# Spannungsteiler



## Hatam (31 Januar 2022)

Hallo zusammen, ich möchte gern mal die normale Spannung 230V mit LOGO messen. wissen wir ja dass ich einen Spannungsteiler von 230V auf 10V benötige, aber die Frage gibt es einen fertigen Spannungsteiler dafür oder soll ich selbe basteln?​Für eure Hilfe bin ich dankbar und werde mich auf eure Antworten freuen.​


----------



## DeltaMikeAir (31 Januar 2022)

Das Stichwort heißt wohl eher Messwandler bzw. Spannungsmessumformer.


----------



## volker (31 Januar 2022)

willst du wirklich die spannung messen oder nur ob 230v da sind oder eben nicht. falls letzteres böte sich ein einfaches relais an.


----------



## Hatam (31 Januar 2022)

DeltaMikeAir
danke für die Antwort, das meinte ich Spannungsteiler (Messwandler, Spannungswandler), kannst du vielleicht einen nennen oder ein Bild?


----------



## Hatam (31 Januar 2022)

volker
danke für die Antwort, ja stimmt es gibt viel einfachen Wege die Spannung zu messen, aber ich wollte nur die Spannung mit SPS messen.


----------



## volker (31 Januar 2022)

https://www.phoenixcontact.com/online/portal/de?1dmy&urile=wcm%3apath%3a/dede/web/main/products/list_pages/Voltage_transducer_AC_and_DC_P-13-10-04/432473f9-2cc9-45bd-a220-0d83b0a2267f


----------



## DeltaMikeAir (31 Januar 2022)

Ich nutze die von Müller und Ziegler, die Webseite geht gerade allerdings nicht.

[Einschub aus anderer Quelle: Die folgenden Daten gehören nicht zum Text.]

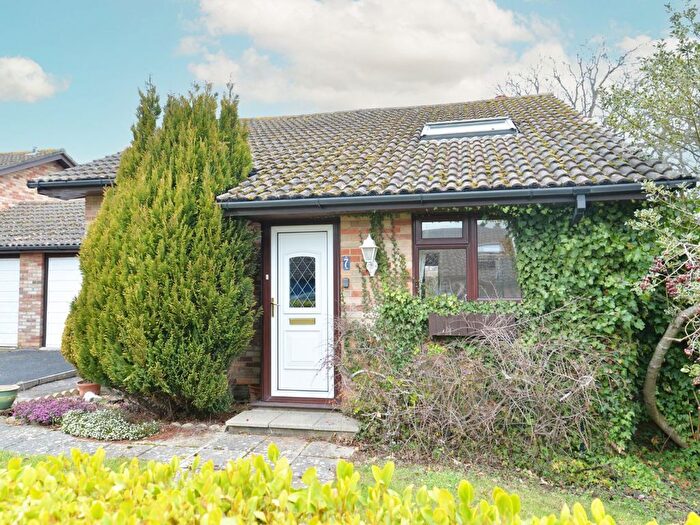 2 Bedroom Bungalow For Sale In Wentwood Gardens, New Milton, Hampshire, BH25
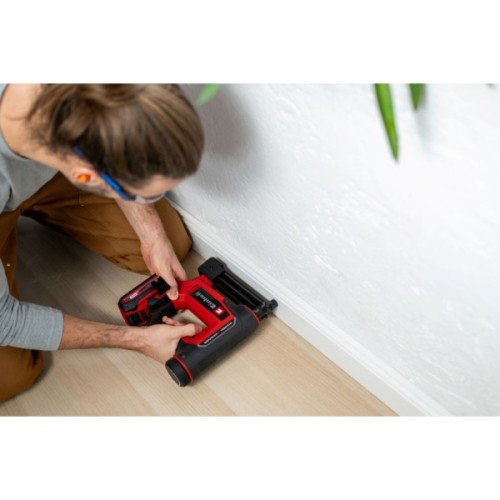 Степлер будівельний Einhell TE-CN 18/32 Li-Solo, 18V, під скоби 1325мм, 20п/хв, 2.1кг (без АКБ та ЗП) (4257800)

Im Prinzip sehen die so aus:
https://www.se.com/de/de/product/RMCV60BD/messumformer-u-i-050-v-0300-v-0500-v-010-v-020-ma-420-ma/


----------



## Heinileini (31 Januar 2022)

Hatam schrieb:


> ich möchte gern mal die normale Spannung 230V mit LOGO messen ...​


Mit 'normal' meinst Du 230 V WechselSpannung mit 50 Hz? Momentan-, Spitzen-, Effektiv-Wert?


----------



## PN/DP (31 Januar 2022)

Hinweis: die 230V sind AC (50 Hz), die Logo kann aber nur 0-10V DC (Gleichspannung) messen. Ein einfacher Spannungsteiler kann nicht AC in DC wandeln --> Du brauchst einen geeigneten Messumformer.

Harald


----------



## DeltaMikeAir (31 Januar 2022)

Hinweis2: Du benötigst natürlich auch einen Messumformer, mit einem höheren Messbereich ( also nicht bis 230V ) sondern z.B. Messbereich bis 300V AC. Deine Phase kann ja durchaus auch einmal gut über 230V AC liegen ( z.B. >240V AC ).


----------



## Hatam (31 Januar 2022)

Ja die 230V Spannung ist Wechselspannung mit 50 Hz, und logo- Eingang ist nur 0-10 V DC
Da auch die Spannung 230 überschritten könnte brauche einen höheren Messbereich 
Dankeschön für alle Antworten


----------



## PN/DP (31 Januar 2022)

Wie genau bzw. mit welcher Auflösung willst Du die 230V messen? Bei einem Messwandler 0-300 VAC zu 0-10V DC wird die Logo nur auf Stufen von ca. 0,3V auflösen können.
Es gibt auch Messwandler, die für eine höhere Auflösung den Bereich um 230V spreizen auf z.B. 180..260V zu 0-10V (ggf. einstellbar). Das ergibt eine Auflösung von 0,08V in der Logo.

Harald


----------



## Hatam (31 Januar 2022)

PN/DP schrieb:


> Wie genau bzw. mit welcher Auflösung willst Du die 230V messen? Bei einem Messwandler 0-300 VAC zu 0-10V DC wird die Logo nur auf Stufen von ca. 0,3V auflösen können.
> Es gibt auch Messwandler, die für eine höhere Auflösung den Bereich um 230V spreizen auf z.B. 180..260V zu 0-10V (ggf. einstellbar). Das ergibt eine Auflösung von 0,08V in der Logo.
> 
> Harald


ich war der Meinung somit die LOGO eine höhere Auflösung hat, aber wenn die Spannung ausfällt, soll die Logo das auch erkennen?


----------



## Blockmove (31 Januar 2022)

Hatam schrieb:


> ich war der Meinung somit die LOGO eine höhere Auflösung hat, aber wenn die Spannung ausfällt, soll die Logo das auch erkennen?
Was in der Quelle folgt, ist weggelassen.